Sélection jurisprudentielle : successions
La semaine dernière, j’ai relevé trois arrêts en matière successorale :
La société civile bailleresse est tenue de garantir le locataire du trouble causé à sa jouissance par les ayants-droits d’un associé (Civ. 3e, 9 mars 2023, n° 21-21.698, 184 FS-B) – Aux termes de l’article 1725 du code civil, le bailleur n’est pas tenu de garantir le preneur du trouble que des tiers apportent par voies de fait à sa jouissance, sans prétendre d’ailleurs aucun droit sur la chose louée ; sauf au preneur à les poursuivre en son nom personnel.
Aux termes de l’article 1870, alinéas 1 et 2, du code civil, la société n’est pas dissoute par le décès d’un associé, mais continue avec ses héritiers ou légataires, sauf à prévoir dans les statuts qu’ils doivent être agréés par les associés. Il peut, toutefois, être convenu que ce décès entraînera la dissolution de la société ou que celle-ci continuera avec les seuls associés survivants.
Aux termes de l’article 1315, dans sa rédaction antérieure à celle issue de l’ordonnance n° 2016-131 du 10 février 2016, celui qui réclame l’exécution d’une obligation doit la prouver. Réciproquement, celui qui se prétend libéré doit justifier le paiement ou le fait qui a produit l’extinction de son obligation.

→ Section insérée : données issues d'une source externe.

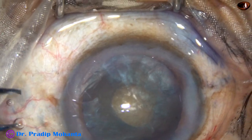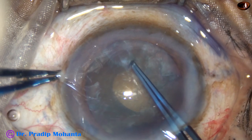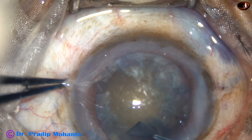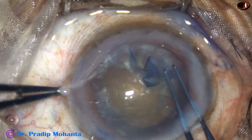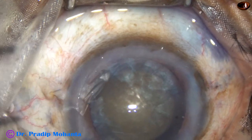...Vannas scissors are used to make a cut at the margin of this mini rhexis, and then the utrata forceps is used again to enlarge this mini rhexis into an optimum-sized capsulorhexis. The CCC is done and this is a fairly round rhexis.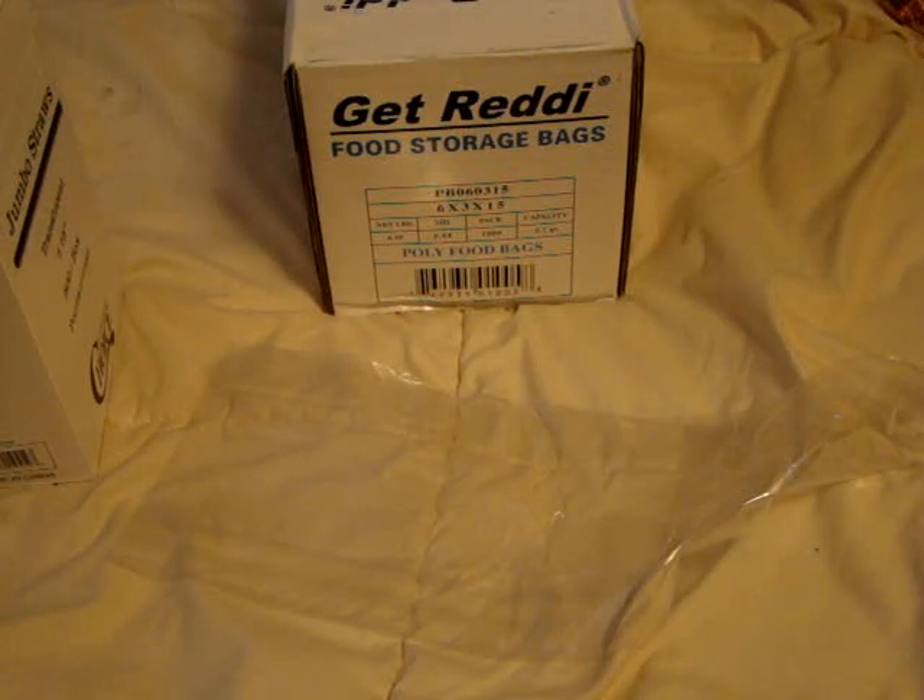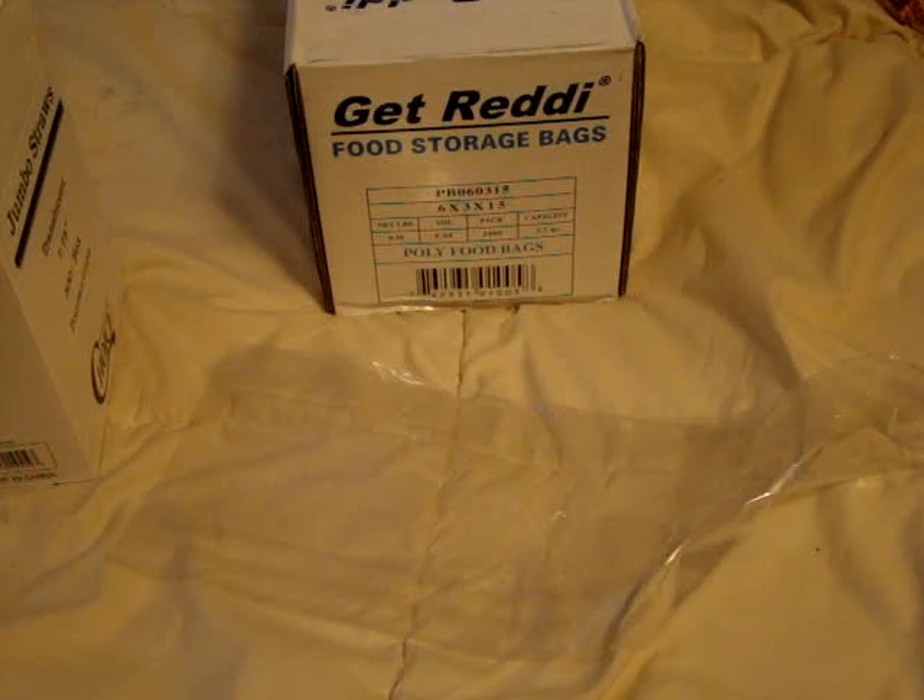Hi y'all, just doing a real quick video on the Interplast Group PB60315 6 inch by 3 inch by 15 inch plastic food bag. It does come in a pack of a thousand. It's 0.68 mils and it does around three and a half quarts worth of capacity.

D’une part, il résulte du deuxième de ces textes que le bailleur, constitué en société civile, est tenu de garantir le locataire des troubles que ses associés, qui ne sont pas des tiers à son égard au sens de l’article 1725 du code civil, ont apporté à sa jouissance par voie de fait.
D’autre part, il résulte des autres textes qu’une société civile étant présumée continuer avec les héritiers d’un associé décédé, il incombe à celui qui dénie la qualité d’associé à l’héritier d’un associé d’établir l’existence d’une stipulation contraire des statuts.

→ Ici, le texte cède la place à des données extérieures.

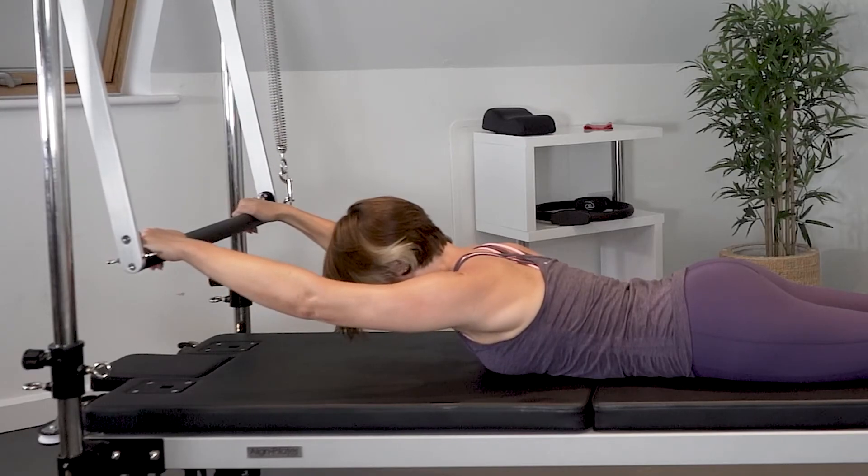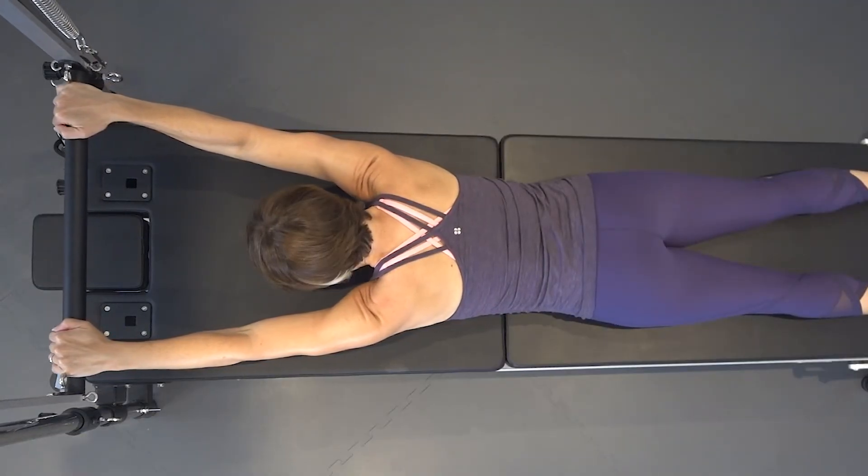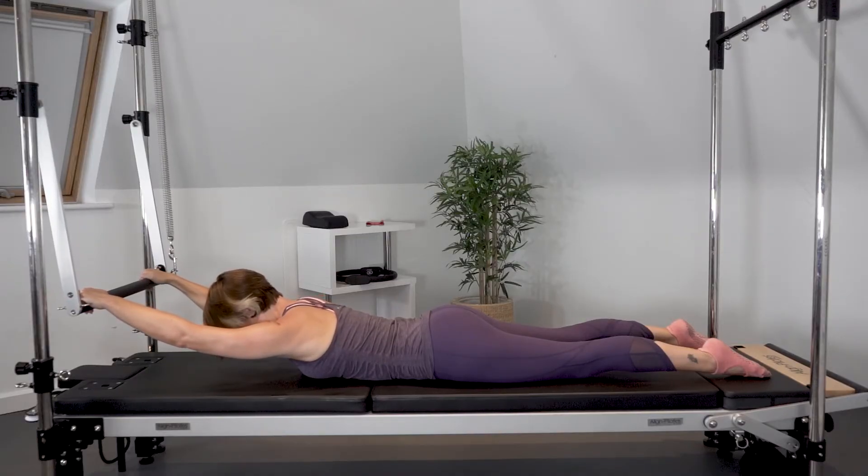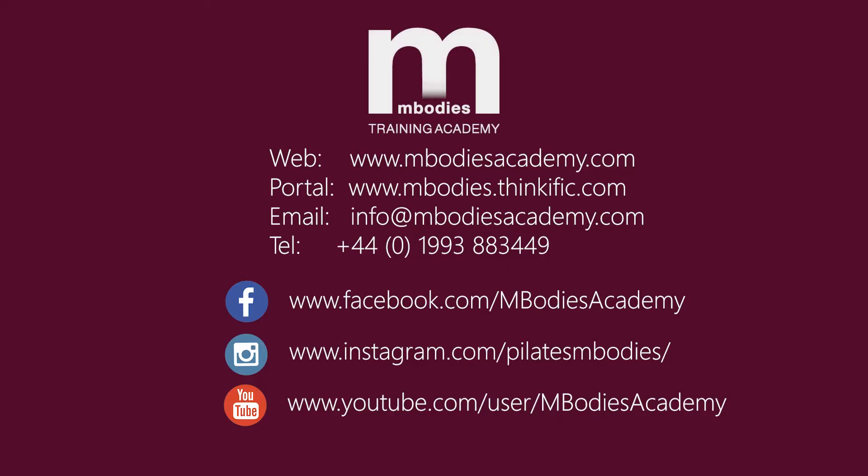Inhale for elevation, exhale for depression, controlling the springs throughout. Here we go.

Pour rejeter la demande en condamnation de la société bailleresse, l’arrêt constate que l’accès au parking de l’immeuble loué a été bloqué par les agissements d’ayants droit de l’associé décédé de la société bailleresse. Puis, il énonce que l’analyse selon laquelle les ayants droit d’un associé ne sont pas des tiers se heurte, d’une part, à l’absence de justification de ce qu’ils seraient automatiquement devenus associés de la société bailleresse à son décès, sans démontrer que les statuts le prévoyaient ou que leur application avait conduit à une telle décision, d’autre part, à l’autonomie de la personnalité juridique de celle-ci, propriétaire et bailleresse, à laquelle ni le gérant ni les associés ne peuvent être assimilés. Il en déduit que les responsables du trouble de jouissance sont des tiers au contrat de bail entre la société bailleresse et la locataire au sens de l’article 1725 du code civil.
En statuant ainsi, alors qu’une société civile est présumée continuer avec les héritiers d’un associé décédé, et que la société bailleresse, qui n’établissait pas l’existence d’une stipulation contraire des statuts, devait garantir la locataire du trouble causé à sa jouissance, la cour d’appel a violé l’article 1315, dans sa rédaction antérieure à celle issue de l’ordonnance n° 2016-131 du 10 février 2016, et les articles 1725 et 1870, alinéas 1 et 2, du code civil applicables en Polynésie française.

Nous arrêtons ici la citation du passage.